Coleman also claimed that “9,000 Ph.D.'s and 31 [thousand] scientists” agree with his position on climate change, referring to the widely discredited Oregon Petition Project. Its signatories are mostly engineers with master's degrees, and it once included the names of fictitious characters and a member of the Spice Girls.
Coleman thanked Fox News for giving him a platform (in contrast to “the media” he berated), and in fact, Fox News has frequently turned to Coleman to deny the scientific consensus on global warming.
For years, Coleman has been connected to the Heartland Institute, which has been funded by fossil-fuel interests, and its promotion of climate change denial. Coleman was featured at a Heartland Institute climate conference in July of this year. Previously, he hosted four paid associates of Heartland to deny climate change on the San Diego station where he worked as weathercaster for 20 years (he has since retired). As Coleman told Kelly, the Heartland Institute has been promoting his letter urging UCLA's Hammer Museum to “provide balance” to a debate it recently hosted on climate change. In the letter, Coleman wrote, “It is important to have those who attend know that there is no climate crisis.”
On the same day the Kelly and Fox News chose to feature Coleman, the United Nations' Intergovernmental Panel on Climate Change (IPCC) convened to finalize a report saying that climate change driven by human activities will cause “severe, pervasive, and irreversible impacts” if left unchecked, which Bloomberg News noted is "stronger language" than the panel has previously used. At the time of this posting, Fox News has not covered these IPCC meetings.*
*Based on a search of internal video archives for “climate.”
UPDATE (10/30/14): On October 29, The Weather Channel published an official "position statement" on global warming to their website, agreeing with the scientific consensus that carbon dioxide emissions from burning fossil fuels are responsible for “the majority of the warming over the past century”:
The climate of the earth is indeed warming, with an increase of approximately 1 - 1 1/2 degrees Fahrenheit in the past century, more than half of that occurring since the 1970s.
[...]
[I]t is known that burning of fossil fuels injects additional carbon dioxide and other so-called greenhouse gases into the atmosphere. This in turn increases the naturally occurring “greenhouse effect,” a process in which our atmosphere keeps the earth's surface much warmer than it would otherwise be.

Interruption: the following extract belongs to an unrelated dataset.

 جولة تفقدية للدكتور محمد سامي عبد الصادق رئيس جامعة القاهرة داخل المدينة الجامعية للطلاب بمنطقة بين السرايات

More than a century's worth of detailed climate observations shows a sharp increase in both carbon dioxide and temperature. These observations, together with computer model simulations and historical climate reconstructions from ice cores, ocean sediments and tree rings all provide strong evidence that the majority of the warming over the past century is a result of human activities. This is also the conclusion drawn, nearly unanimously, by climate scientists.